Selain itu, Takalar bukan hanya pusat pembudidayaan rumput laut di Sulawesi Selatan, tapi juga berperan sebagai pusat pelatihan bagi petani rumput laut dari daerah lain. Kabupaten Nunukan, di antaranya, pernah memagangkan petani rumput lautnya untuk magang di Takalar.
***
Januari 2013 lalu, pemerintah pusat membuat program kerja peningkatan produktivitas rumput laut, dan menargetkan produksi rumput laut basah sebesar 10 juta ton pada tahun 2014. Sayangnya, target tinggi tersebut tidak dibarengi dengan penambahan jumlah pabrik olahan rumput laut. Data tahun 2012 menunjukkan, pabrik industri olahan rumput laut di dalam negeri hanya berjumlah 27 unit, yakni; mencakup produk lembaran (chip), semi pengolahan (semi-refine), karagenan, dan tepung agar.
Jana Tjahjana, anggota Tim Rumput Laut Badan Pengkajian dan Penerapan Teknologi (BPPT) pesimistis menanggapi rencana tersebut. “Target 10 juta ton tahun depan tersebut sulit terpenuhi karena pabrik olahan rumput laut dan penyerapan bahan baku industri pengolahan serta penyerapan pasar saat ini masih sangat minim,” katanya. ”Pemerintah harus realistis dalam menetapkan target. Tanpa jaminan pasar dan daya serap pabrik, produksi rumput laut justru akan hancur,” ujar Jana, dikutip Kompas, (25/2) lalu.
Secara terpisah, Direktur Jenderal Pengolahan dan Pemasaran Hasil Perikanan Kementerian Kelautan dan Perikanan Saut Hutagalung di Jakarta, mengakui, hanya 20-25 persen produksi rumput laut yang diserap oleh industri olahan dalam negeri, karena industri kita belum siap menyerap bahan baku untuk diolah Sebagian besar rumput laut diekspor dalam bentuk kering. ”Jangan terlalu menjanjikan produk olahan kalau industri dalam negeri belum siap,” ujar Saut, entah kepada siapa ucapannya itu ditujukan.
Aneh tapi Nyata
Indonesia membutuhkan rumput laut hasil olahan sebagai bahan pembuatan kue, permen, makanan dan obat-obatan. Akan tetapi, walaupun Indonesia adalah negara produsen rumput laut kedua di dunia setelah Chile, namun karena keterbatasan pabrik industri pengolahan rumput laut di dalam negeri, membuat Indonesia ‘terpaksa’ bergantung pada impor produk olahan rumput laut.
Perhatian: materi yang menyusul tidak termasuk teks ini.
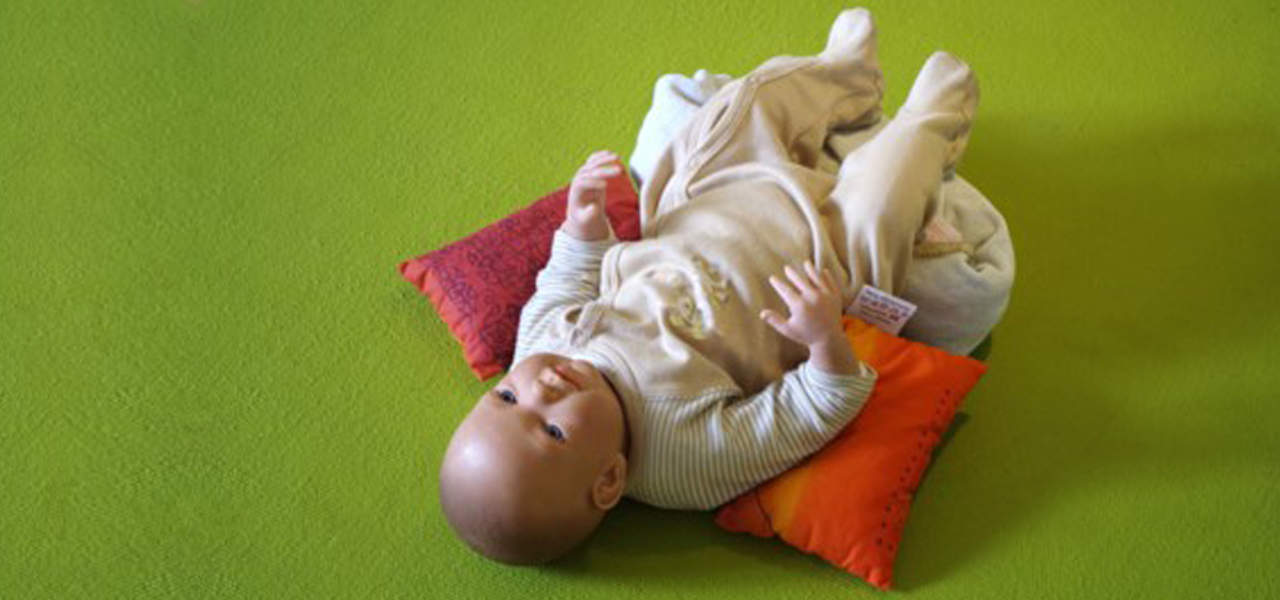 Babyhaltung im Liegen wird mit Kissen unterstützt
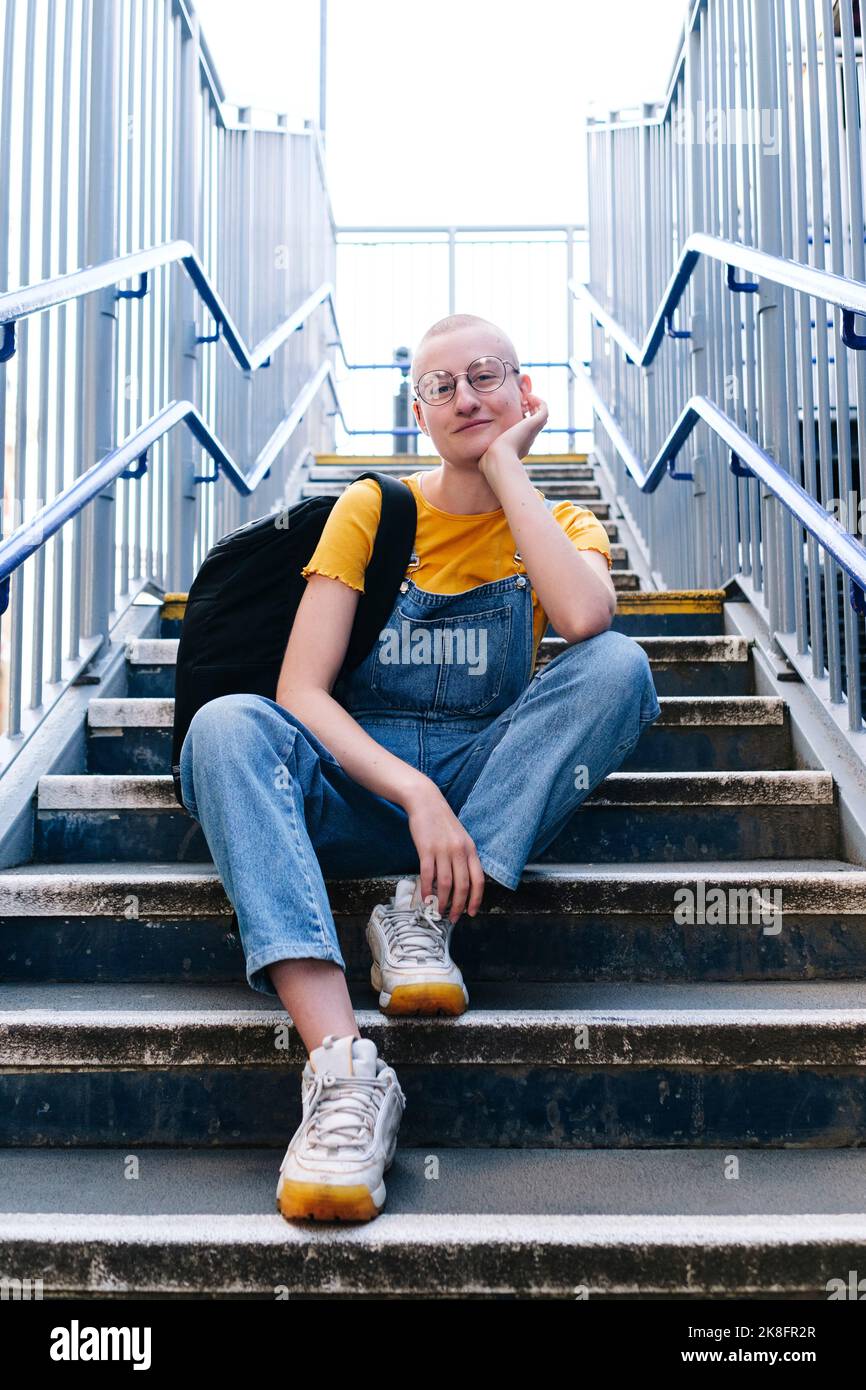 Androgynous person with backpack sitting on staircase Stock Photo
Bahkan, impor rumput laut tahun lalu tidak terkendali. Tahun 2011, impor karagenan mencapai 1.380 ton atau 70 persen dari total kebutuhan. Juga impor 800 ton tepung agar.
Menurut Saut, tahun ini impor produk olahan rumput laut akan dikendalikan, yakni maksimal 25 persen dari kebutuhan. Pertengahan 2012, impor karagenan sekitar 100 ton. Sementara itu, nilai ekspor rumput laut ditargetkan naik dari 200 juta dollar AS tahun 2011 menjadi 230 juta dollar AS tahun ini.
Harus Punya Sendiri
Mengamati permasalahan rumput laut secara nasional di atas, sudah saatnya Pemkab Takalar mencari solusi agar supaya Takalar memiliki pabrik olahan rumput laut sendiri. Nyaris tak ada gunanya berharap banyak pada pemerintah pusat. Buktinya, pemerintah pusat sendiri tidak mampu menambah pabrik olahan, padahal jelas-jelas bahwa pabrik olahan sangat dibutuhkan di dalam negeri.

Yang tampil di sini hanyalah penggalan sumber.